Statt drei Bussen mit Flüchtlingen kommt nur einer in Heidenau an. 31 Polizisten werden verletzt

Nur 24 Stunden später wiederholt sich die Szene. Am Freitag rief ein NPD-Mann zum Marsch auf, diesmal ist es die Freitaler Bürgerwehr, die ihren Gesinnungsgenossen auf Facebook nahelegt, nach Heidenau zu fahren. Etwa 250 Neonazis folgen dem Aufruf im Netz. Diesmal aber stehen ihnen ebenso viele Menschen gegenüber, die Solidarität mit den Flüchtlingen zeigen, unter ihnen Politiker von Grünen, SPD und der Linkspartei. Als gegen 23 Uhr die Neonazis erneut in Richtung Baumarkt vorrücken, wird klar: Auch diesmal hat die Polizei die Lage nicht im Griff. Sie reagiert erst am Sonntagabend, richtet eine Sicherheitszone ein und nimmt verschärfte Personenkontrollen vor. Auch zwei Wasserwerfer stehen bereit. Doch auch dann kommt es wieder zu Zusammenstößen. 250 Anhänger der linken Szene demonstrieren zunächst friedlich vor der Asylunterkunft, sie skandieren Willkommensgrüße für die Flüchtlinge. Rechte Demonstranten hatte die Polizei zuvor abgewiesen. Beim Abzug zum Bahnhof kommt es dann offenbar zu Übergriffen zwischen den Linken und vermutlich rechten Demonstranten.
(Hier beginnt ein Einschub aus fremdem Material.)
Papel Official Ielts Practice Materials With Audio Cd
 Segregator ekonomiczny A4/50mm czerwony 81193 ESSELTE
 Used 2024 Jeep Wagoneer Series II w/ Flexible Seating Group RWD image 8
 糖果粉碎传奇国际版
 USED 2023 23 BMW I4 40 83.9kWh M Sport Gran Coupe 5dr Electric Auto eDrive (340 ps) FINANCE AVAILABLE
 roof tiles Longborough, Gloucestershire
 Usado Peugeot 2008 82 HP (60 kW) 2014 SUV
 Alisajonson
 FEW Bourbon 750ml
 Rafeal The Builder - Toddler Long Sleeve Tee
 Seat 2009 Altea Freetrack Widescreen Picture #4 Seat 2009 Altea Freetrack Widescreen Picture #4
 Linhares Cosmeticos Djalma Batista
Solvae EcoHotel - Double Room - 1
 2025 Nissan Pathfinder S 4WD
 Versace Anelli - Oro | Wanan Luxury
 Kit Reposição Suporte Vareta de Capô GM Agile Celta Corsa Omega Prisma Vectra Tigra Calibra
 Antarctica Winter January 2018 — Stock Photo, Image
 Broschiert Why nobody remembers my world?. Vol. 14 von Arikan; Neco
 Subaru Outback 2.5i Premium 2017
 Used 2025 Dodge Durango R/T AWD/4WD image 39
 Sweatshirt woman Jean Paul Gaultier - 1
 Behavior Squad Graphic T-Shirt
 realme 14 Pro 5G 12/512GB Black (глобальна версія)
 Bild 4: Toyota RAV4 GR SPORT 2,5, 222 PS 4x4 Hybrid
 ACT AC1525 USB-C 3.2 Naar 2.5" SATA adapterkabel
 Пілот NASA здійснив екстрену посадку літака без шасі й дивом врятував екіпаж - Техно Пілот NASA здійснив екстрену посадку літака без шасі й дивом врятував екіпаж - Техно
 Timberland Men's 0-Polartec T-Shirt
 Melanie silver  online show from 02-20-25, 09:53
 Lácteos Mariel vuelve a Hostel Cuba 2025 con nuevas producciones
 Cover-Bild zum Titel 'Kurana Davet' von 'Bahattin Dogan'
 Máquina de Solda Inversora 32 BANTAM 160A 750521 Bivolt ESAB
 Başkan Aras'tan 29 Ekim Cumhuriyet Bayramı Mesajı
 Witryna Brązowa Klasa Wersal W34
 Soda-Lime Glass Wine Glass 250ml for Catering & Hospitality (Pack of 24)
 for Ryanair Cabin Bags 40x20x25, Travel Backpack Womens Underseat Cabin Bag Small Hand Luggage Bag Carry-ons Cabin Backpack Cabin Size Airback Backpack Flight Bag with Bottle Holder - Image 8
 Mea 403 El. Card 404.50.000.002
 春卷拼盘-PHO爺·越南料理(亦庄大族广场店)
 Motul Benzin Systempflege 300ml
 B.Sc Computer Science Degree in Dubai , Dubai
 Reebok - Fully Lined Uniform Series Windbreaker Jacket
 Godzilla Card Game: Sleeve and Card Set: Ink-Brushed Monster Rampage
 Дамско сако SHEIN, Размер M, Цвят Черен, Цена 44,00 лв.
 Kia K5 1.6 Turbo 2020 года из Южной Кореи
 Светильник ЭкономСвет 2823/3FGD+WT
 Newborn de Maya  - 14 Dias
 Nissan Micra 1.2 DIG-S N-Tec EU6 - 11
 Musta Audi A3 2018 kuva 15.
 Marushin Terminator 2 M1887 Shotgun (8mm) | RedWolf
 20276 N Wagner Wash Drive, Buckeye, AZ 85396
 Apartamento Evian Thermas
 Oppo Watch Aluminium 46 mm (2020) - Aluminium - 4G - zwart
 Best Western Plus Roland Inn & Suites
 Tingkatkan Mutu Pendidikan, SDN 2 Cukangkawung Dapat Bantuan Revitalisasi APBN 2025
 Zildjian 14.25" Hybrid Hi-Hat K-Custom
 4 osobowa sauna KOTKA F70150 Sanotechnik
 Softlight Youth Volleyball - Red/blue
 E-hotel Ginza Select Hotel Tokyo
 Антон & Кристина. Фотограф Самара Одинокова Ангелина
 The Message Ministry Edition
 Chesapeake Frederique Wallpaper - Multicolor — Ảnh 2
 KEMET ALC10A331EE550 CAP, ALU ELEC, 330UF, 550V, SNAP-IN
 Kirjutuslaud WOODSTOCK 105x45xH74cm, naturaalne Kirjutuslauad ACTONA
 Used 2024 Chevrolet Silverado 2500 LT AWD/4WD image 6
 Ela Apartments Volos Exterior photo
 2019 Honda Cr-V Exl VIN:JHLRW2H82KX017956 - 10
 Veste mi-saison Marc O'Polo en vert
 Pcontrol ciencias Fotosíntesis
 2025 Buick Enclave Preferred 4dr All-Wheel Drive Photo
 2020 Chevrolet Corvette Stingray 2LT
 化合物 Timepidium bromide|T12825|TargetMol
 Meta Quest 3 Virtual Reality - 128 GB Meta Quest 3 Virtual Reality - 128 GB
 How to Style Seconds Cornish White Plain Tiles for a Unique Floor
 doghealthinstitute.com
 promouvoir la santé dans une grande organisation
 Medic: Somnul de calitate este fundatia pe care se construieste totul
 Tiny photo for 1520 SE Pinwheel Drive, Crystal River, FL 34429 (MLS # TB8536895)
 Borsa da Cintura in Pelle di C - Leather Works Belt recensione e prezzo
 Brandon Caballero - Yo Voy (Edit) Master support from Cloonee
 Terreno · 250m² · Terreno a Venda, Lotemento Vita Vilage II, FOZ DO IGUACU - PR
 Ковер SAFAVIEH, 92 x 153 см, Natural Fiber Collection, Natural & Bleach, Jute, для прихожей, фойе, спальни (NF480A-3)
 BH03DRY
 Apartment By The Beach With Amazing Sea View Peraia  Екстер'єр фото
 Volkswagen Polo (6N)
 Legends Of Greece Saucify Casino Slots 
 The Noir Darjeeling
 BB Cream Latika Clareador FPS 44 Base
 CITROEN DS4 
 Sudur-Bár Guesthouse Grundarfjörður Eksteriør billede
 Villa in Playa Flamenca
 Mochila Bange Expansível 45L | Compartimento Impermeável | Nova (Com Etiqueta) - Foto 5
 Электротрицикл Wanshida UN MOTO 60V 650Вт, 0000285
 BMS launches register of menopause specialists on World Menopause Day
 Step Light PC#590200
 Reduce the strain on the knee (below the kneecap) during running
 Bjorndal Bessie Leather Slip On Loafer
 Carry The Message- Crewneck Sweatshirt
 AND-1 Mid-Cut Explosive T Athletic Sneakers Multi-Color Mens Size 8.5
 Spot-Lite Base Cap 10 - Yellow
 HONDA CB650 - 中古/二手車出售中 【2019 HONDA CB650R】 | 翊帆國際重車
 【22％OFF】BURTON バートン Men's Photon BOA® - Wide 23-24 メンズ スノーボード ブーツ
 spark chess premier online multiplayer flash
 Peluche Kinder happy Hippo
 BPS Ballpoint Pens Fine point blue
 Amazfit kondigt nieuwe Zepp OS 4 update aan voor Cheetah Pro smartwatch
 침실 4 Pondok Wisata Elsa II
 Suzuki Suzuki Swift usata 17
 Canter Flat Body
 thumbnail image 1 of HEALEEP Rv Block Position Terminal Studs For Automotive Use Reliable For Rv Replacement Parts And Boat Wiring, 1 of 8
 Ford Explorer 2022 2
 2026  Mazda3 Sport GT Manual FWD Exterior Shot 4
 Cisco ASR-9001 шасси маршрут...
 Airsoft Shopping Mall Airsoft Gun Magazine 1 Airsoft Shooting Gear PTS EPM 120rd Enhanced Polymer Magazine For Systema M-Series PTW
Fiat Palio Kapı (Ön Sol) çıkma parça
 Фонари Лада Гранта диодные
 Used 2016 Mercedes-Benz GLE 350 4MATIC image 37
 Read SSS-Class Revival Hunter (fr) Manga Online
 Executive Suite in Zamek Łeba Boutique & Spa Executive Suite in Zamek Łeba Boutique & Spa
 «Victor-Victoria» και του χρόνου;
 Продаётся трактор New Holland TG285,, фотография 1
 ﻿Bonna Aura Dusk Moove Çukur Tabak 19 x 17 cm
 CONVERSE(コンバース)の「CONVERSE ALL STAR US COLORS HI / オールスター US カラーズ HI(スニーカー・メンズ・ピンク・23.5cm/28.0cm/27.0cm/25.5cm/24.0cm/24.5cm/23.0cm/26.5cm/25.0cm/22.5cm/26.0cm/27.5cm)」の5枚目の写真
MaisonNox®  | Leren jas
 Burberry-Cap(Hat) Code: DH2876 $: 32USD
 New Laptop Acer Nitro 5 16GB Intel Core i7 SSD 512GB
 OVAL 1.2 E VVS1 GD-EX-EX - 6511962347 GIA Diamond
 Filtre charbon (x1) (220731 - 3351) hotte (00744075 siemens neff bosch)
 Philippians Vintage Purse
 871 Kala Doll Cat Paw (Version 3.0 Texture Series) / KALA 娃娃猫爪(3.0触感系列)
Die Polizei setzt Reizgas ein. Zu DDR-Zeiten war Heidenau ein bedeutender Industriestandort. Und nach der Wende voller Brachen, Ruinen und Menschen ohne Arbeit. Als im August 2002 erst das Hochwasser der Müglitz schwere Verwüstungen anrichtete und im Sommer 2013 das Elbehochwasser erneut ganze Straßenzüge versinken ließ, erfuhren die Stadt und ihre Bewohner viel Solidarität. Unvergessen sind die Bilder, auf denen der sächsische Ministerpräsident Stanislaw Tillich im acht Kilometer entfernten Pirna lächelnd einen Sandsack zu Angela Merkel rüberwuchtet. Heidenau, das ist auch das Tor zur Sächsischen Schweiz. Und die ist nicht nur beliebtes Reiseziel und Kulisse für Hollywood-Filme wie "Grand Budapest Hotel" oder Tarantinos Nazi-Rache-Spektakel "Inglorious Basterds". 2001 wurde die Neonazi-Kameradschaft Skinheads Sächsische Schweiz verboten. Mit etwa 120 Mitgliedern war die "SSS" eine der größten rechtsextremen Kameradschaften. Bei der Landtagswahl 2014 wurde die AfD drittstärkste Kraft in Heidenau, die NPD erhielt 8,2 Prozent der Stimmen.

Jürgen Opitz mag in den Augen dieser Menschen ein "Volksverräter" sein. Das ist nur eines der vielen Schimpfwörter, die sich Heidenaus CDU-Bürgermeister zuletzt anhören musste. Gleichzeitig ist Opitz ein gutes Argument gegen die These, dass Heidenau noch schlimmer sei als das benachbarte Freital. Denn Opitz ist nicht abwesend, außer Haus oder im Urlaub. Er bleibt nicht stumm wie andere Bürgermeister, sondern er spricht in Kameras, bezieht Stellung zu dem, was in seiner Stadt geschieht. Er sei entsetzt über die "schrecklichen Bilder", sagte Opitz nach den Krawallen und forderte die Einwohner zu Solidarität auf: "Ich gehe fest davon aus, dass die große Mehrheit der Heidenauer sich für Flüchtlinge engagieren wird."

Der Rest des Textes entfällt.